1st battery: 16x50 + 2x12 cm

2nd battery: 2x24 + 6x19 + 3x16 cm
Armour: 110mm iron plates (100mm over the batteries), plus 440mm oak planking.

Lave was an ironclad floating battery of the French Navy during the 19th century. She was part of the Dévastation class of floating batteries.

In the 1850s, the British and French navies deployed iron-armoured floating batteries as a supplement to the wooden steam battlefleet in the Crimean War. The role of the battery was to assist unarmoured mortar and gunboats bombarding shore fortifications. The French used three of their ironclad batteries (Lave, Tonnante and Dévastation) in 1855 against the defences at the Battle of Kinburn (1855) on the Black Sea, where they were effective against Russian shore defences. They would later be used again during the Italian war in the Adriatic in 1859.[1]

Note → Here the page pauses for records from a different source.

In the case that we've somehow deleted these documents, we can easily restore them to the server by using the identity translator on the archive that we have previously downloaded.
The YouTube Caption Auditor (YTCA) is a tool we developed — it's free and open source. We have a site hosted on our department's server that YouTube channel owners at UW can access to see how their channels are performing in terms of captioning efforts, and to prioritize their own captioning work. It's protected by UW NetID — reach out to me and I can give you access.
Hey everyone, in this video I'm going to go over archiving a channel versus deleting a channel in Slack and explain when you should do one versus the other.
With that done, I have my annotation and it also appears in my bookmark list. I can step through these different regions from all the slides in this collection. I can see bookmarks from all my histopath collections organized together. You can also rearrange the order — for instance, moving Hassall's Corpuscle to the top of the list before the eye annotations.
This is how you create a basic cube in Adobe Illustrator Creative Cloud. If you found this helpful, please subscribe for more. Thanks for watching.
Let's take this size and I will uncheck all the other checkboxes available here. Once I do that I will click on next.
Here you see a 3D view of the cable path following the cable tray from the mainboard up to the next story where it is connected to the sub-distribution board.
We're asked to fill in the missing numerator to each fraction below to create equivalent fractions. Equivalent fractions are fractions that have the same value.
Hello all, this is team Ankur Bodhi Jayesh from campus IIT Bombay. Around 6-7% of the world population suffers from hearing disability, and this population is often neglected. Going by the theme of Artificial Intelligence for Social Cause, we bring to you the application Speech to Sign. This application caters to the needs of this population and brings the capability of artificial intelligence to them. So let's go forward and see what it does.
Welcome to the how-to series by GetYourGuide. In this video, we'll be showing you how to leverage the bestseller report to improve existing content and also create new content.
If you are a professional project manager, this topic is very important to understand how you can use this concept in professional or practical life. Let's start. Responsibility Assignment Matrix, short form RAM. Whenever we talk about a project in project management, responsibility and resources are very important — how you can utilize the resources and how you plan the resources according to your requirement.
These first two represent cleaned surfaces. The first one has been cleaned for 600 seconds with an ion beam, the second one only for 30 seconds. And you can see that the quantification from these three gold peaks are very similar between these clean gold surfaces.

File:DevastationClassCrimeanWinter1855-1856.JPG
Ironclad floating battery of the Dévastation class, spending the winter in Crimea, winter of 1855-1856.

The ships were flat-bottommed, and commonly nicknamed "soapboxes". They were towed from France to Crimea to participate to the conflict. Lave was towed by Magellan.